Invisible Waves
Titolo originale: Invisible Waves
Thailandia: 2006. Regia di: Pen-Ek Ratanaruang Genere: Drammatico Durata: 115'
Interpreti: Tadanobu Asano, Hye-jeong Kang, Eric Tsang, Maria Cordero, Toon Hiranyasap, Ken Mitsuishi
Sito web:
Inedito in Italia
Voto: 7,5
Recensione di: Nicola Picchi
Kyoji, che lavora come aiuto cuoco in un ristorante, è l’amante di Seiko, la moglie di Wiwat. Ma Wiwat è anche il capo di Kyoji, ed un giorno lo assume per ucciderla. L’uomo esegue freddamente il compito che gli è stato assegnato e lascia Hong Kong per la Thailandia, dove viene mandato nell’attesa che si calmino le acque. In realtà Wiwat, a conoscenza della relazione di Kyoji con la moglie, gli ha teso a Phuket una trappola mortale.
Quella che in mano ad un altro regista avrebbe potuto essere una classica trama da noir senza troppe sorprese, nelle mani di Pen-Ek Ratanaruang, già autore del bellissimo “Last life in the universe”, diventa tutt’altra cosa.

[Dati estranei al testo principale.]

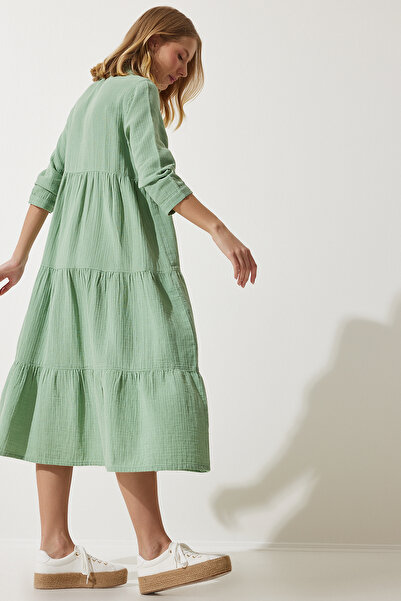 Happiness İstanbul Damska zielona muślinowa rozkloszowana sukienka koszulowa SA00024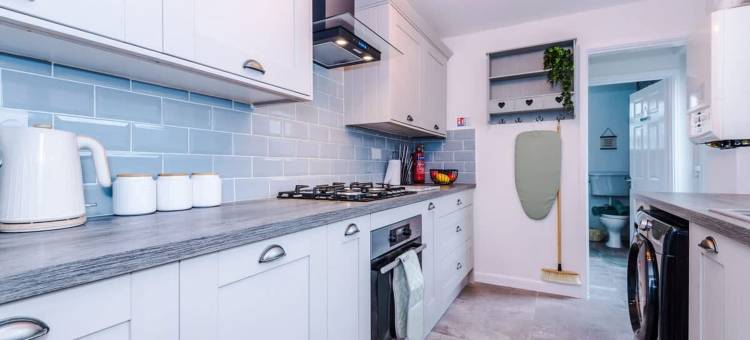 全新时尚的家，市中心位置，可容纳6人(NEW Stylish Home City Centre Location Sleeps 6)图片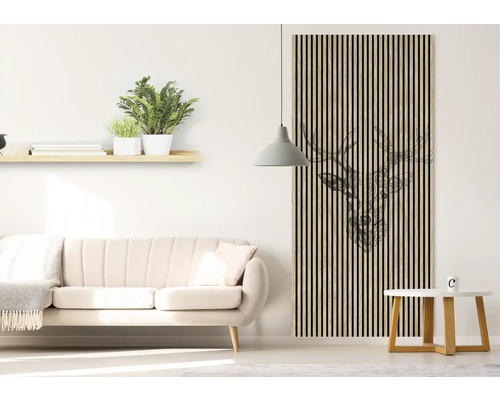 Obývacia izba s pohovkou, policou a nástenným panelom s motívom jeleňa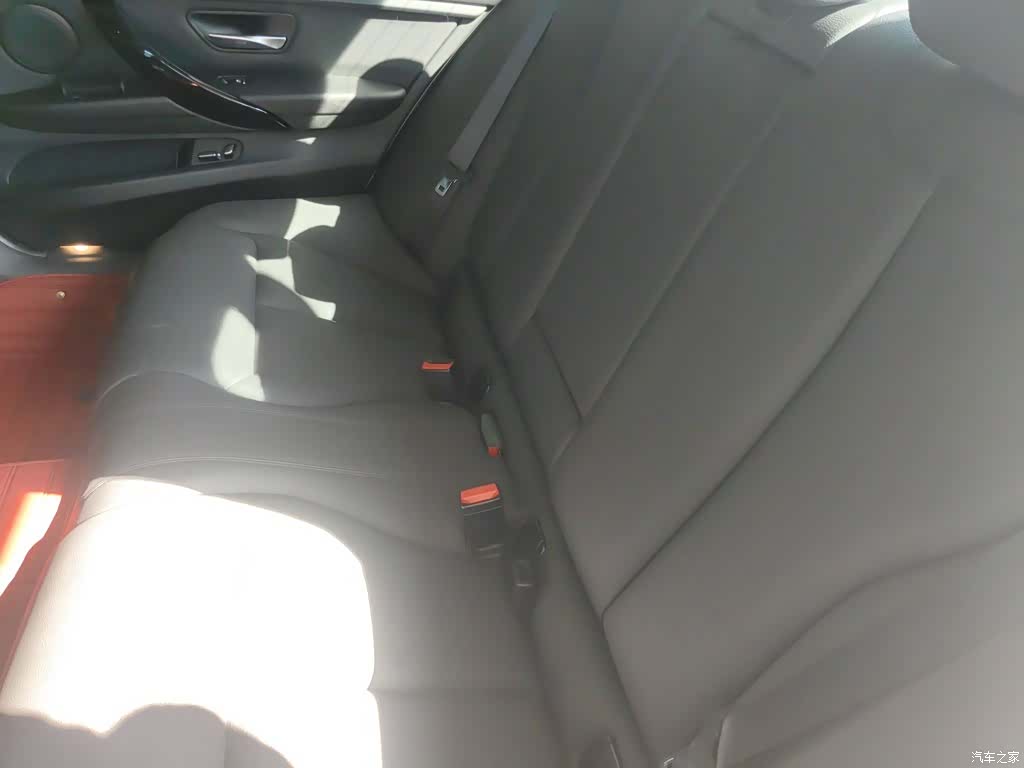 BMW 3 Series, 2016 13
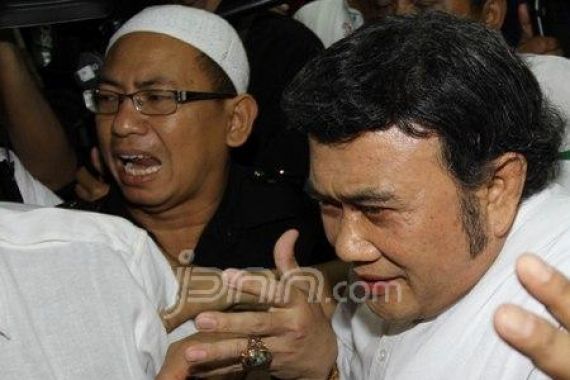 Seret Rhoma ke Pengadilan, Panwaslu Kumpulkan Bukti - JPNN.COM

Le convenzioni del genere appaiono congelate in una surreale immobilità ed i personaggi sono ridotti a silhouette evanescenti osservate da una distanza siderale: le inquadrature sezionano i corpi con tagli quasi fotografici o li rimpiccioliscono e li schiacciano contro geometrie assolute e prevaricanti, quando non li escludono totalmente. Questo allontanamento dello sguardo fa risaltare l’assurdità un po’ ridicola e vana dei gesti e delle situazioni, facendo implodere la narrazione in maniera molto personale.

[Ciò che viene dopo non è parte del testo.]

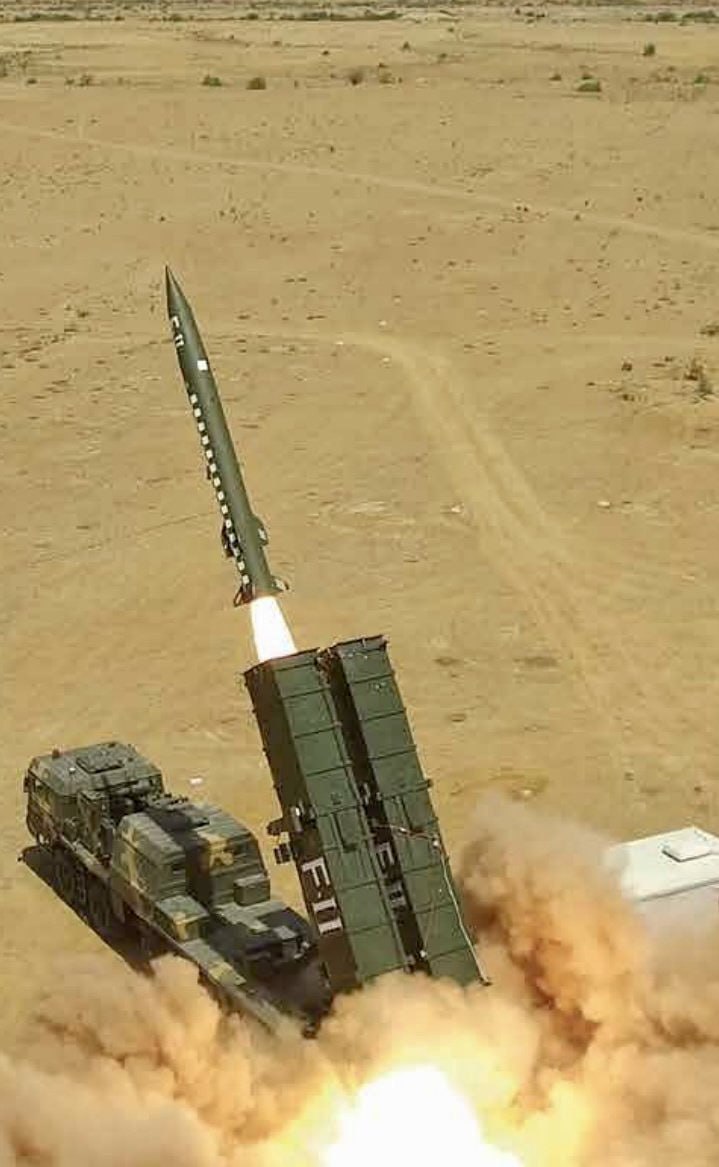 Uncensorednewsw's tweet image. Pakistan's Fatah-II ballistic missile system during a field test launch tested earlier this year as Islamabad continues to bolster its ballistic missile program.
There are two variants of Pakistan's Fatah series, one is ballistic missile (SSM) and the other is guided rocket…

La cifra stilistica di Ratanaruang è chiara fin dall’inizio: la scena della cena seduttiva tra Kyoji e Seiko, che si concluderà con un omicidio, è accuratamente svuotata da qualsiasi emotività, giocata com’è sul fuori campo e sull’ellissi narrativa, e tende ad inibire qualsiasi tipo di coinvolgimento allo spettatore. Nello stesso modo sono trattate le rare scene di azione (Kyoji che viene derubato nella stanza d’albergo, la sparatoria con il killer giapponese), che sono sistematicamente eluse e vanificate, mentre il film è ricco di divagazioni narrative apparentemente ingiustificate (l’incontro con il vecchio compagno di scuola, il dialogo con il barista sulla nave) che sfiorano il puro nonsense. Pur avendo avvelenato Seiko, Kyoji è totalmente immune da sensi di colpa o da ripensamenti di ordine morale, e le implicazioni etiche della vicenda sono lasciate in secondo piano dato che mal si accorderebbero con il lato marionettistico del personaggio.

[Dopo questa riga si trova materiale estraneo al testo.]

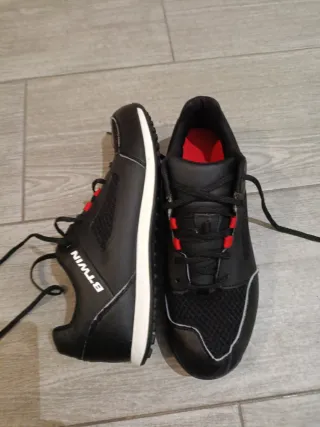 Zapatillas MTB Negras y Rojas  BTWIN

Si potrebbe dire che Samuel Beckett incontra il noir, anche grazie alla straordinaria interpretazione di Tadanobu Asano, che sembra un dinoccolato ed impassibile Buster Keaton, nè l’accostamento sembri peregrino dato che l’unico film di Beckett, per l’appunto tautologicamente intitolato “Film”, vide proprio Keaton protagonista. Le disavventure di Kyoji sulla nave da crociera che lo conduce in Thailandia (le gag con la doccia, con la serratura della porta e con la cuccetta ribaltabile) sono da slapstick comedy, ma rallentate e rese astratte dalla dilatazione temporale.
Ben lontane dallo scatenare la risata, sottolineano lo smarrimento esistenziale del personaggio ed il suo eterno spaesamento. Asano si esprime in un inglese approssimativo e, come in “Last life in the universe”, sembra avere gravi problemi di comunicazione col prossimo. Se nel precedente film di Ratanaruang era un giapponese in Thailandia, qui è un giapponese che vive a Macao, lavora a Hong Kong e fugge a Phuket, destinato ad essere perennemente (e metaforicamente) “Lost in translation”. Paradossalmente, l’unica forma di comunicazione reale che riuscirà ad instaurare sarà quella con Lizard (un bravo Ken Mitsuishi), lo stralunato killer amante del karaoke incaricato di ucciderlo. Non mancano i delicati tocchi di humour così caratteristici di Ratanaruang (il personaggio di Lizard, la continua ricerca di Kyoji di un francobollo che non riuscirà mai a trovare), che danno al suo cinema una levità del tutto particolare senza compromettere il rigore della messa in scena.
Pur non essendo per tutti i palati, considerato che “Invisible Waves” è una nuova tappa nel percorso di un cineasta originale e che si avvale della meravigliosa fotografia di Christopher Doyle, che non ha certo bisogno di presentazioni, sarebbe davvero un peccato perderselo.